# -*- coding: utf-8 -*-
"""Regression: classify_prompt_bytes — 4 ranges verification."""
from __future__ import annotations

import pytest

from utils.callback_registration import classify_prompt_bytes


class TestPromptByteClassification:
    """4-range classification: OK_TARGET / OK_ABOVE_TARGET / WARNING_BUT_ALLOWED / HARD_BLOCK."""

    @pytest.mark.parametrize("byte_count,expected", [
        (0, "OK_TARGET"),
        (1, "OK_TARGET"),
        (3200, "OK_TARGET"),
        (3201, "OK_ABOVE_TARGET"),
        (3300, "OK_ABOVE_TARGET"),
        (3499, "OK_ABOVE_TARGET"),
        (3500, "WARNING_BUT_ALLOWED"),
        (3700, "WARNING_BUT_ALLOWED"),
        (3900, "WARNING_BUT_ALLOWED"),
        (3901, "HARD_BLOCK"),
        (4096, "HARD_BLOCK"),
        (9999, "HARD_BLOCK"),
    ])
    def test_classification_ranges(self, byte_count: int, expected: str):
        # Use ASCII chars (1 byte each)
        prompt = "x" * byte_count
        result = classify_prompt_bytes(prompt)
        assert result == expected, (
            f"classify_prompt_bytes({byte_count} bytes): "
            f"expected {expected!r}, got {result!r}"
        )

    def test_empty_string(self):
        assert classify_prompt_bytes("") == "OK_TARGET"

    def test_boundary_3200(self):
        """Exact boundary: 3200 bytes → OK_TARGET."""
        assert classify_prompt_bytes("x" * 3200) == "OK_TARGET"

    def test_boundary_3201(self):
        """3201 bytes → OK_ABOVE_TARGET."""
        assert classify_prompt_bytes("x" * 3201) == "OK_ABOVE_TARGET"

    def test_boundary_3499(self):
        """3499 bytes → OK_ABOVE_TARGET."""
        assert classify_prompt_bytes("x" * 3499) == "OK_ABOVE_TARGET"

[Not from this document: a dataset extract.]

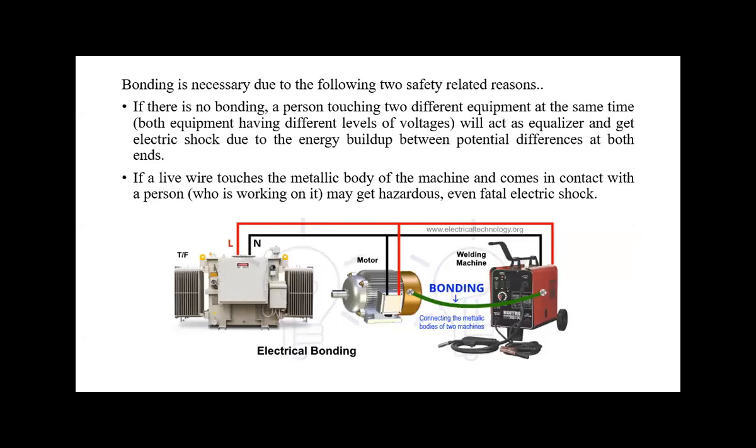Bonding is necessary for the following reasons: if there is no bonding, a person touching two different equipment at the same time will act as an equalizer and get electric shock due to the energy built up between the potential differences. Second, if a live wire touches the metallic body of a machine and a person comes in contact, they may get a hazardous or even fatal electric shock. For example, a motor at one potential and a welding machine at a different potential — when bonded, they have the same electrical potential, so there is no potential difference and no electric shock.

    def test_boundary_3500(self):
        """3500 bytes → WARNING_BUT_ALLOWED."""
        assert classify_prompt_bytes("x" * 3500) == "WARNING_BUT_ALLOWED"

    def test_boundary_3900(self):
        """3900 bytes → WARNING_BUT_ALLOWED (max allowed)."""
        assert classify_prompt_bytes("x" * 3900) == "WARNING_BUT_ALLOWED"

    def test_boundary_3901(self):
        """3901 bytes → HARD_BLOCK."""
        assert classify_prompt_bytes("x" * 3901) == "HARD_BLOCK"

    def test_multibyte_utf8(self):
        """Korean chars are 3 bytes each — test UTF-8 byte counting."""
        # 한 char = 3 bytes, so 1067 chars = 3201 bytes → OK_ABOVE_TARGET
        prompt = "한" * 1067
        byte_count = len(prompt.encode("utf-8"))
        assert byte_count == 3201
        assert classify_prompt_bytes(prompt) == "OK_ABOVE_TARGET"

    def test_all_four_ranges_covered(self):
        """Ensure all 4 class names are returned from their respective ranges."""
        classes = {
            classify_prompt_bytes("x" * 100),    # OK_TARGET
            classify_prompt_bytes("x" * 3250),   # OK_ABOVE_TARGET
            classify_prompt_bytes("x" * 3600),   # WARNING_BUT_ALLOWED
            classify_prompt_bytes("x" * 4000),   # HARD_BLOCK
        }
        assert classes == {"OK_TARGET", "OK_ABOVE_TARGET", "WARNING_BUT_ALLOWED", "HARD_BLOCK"}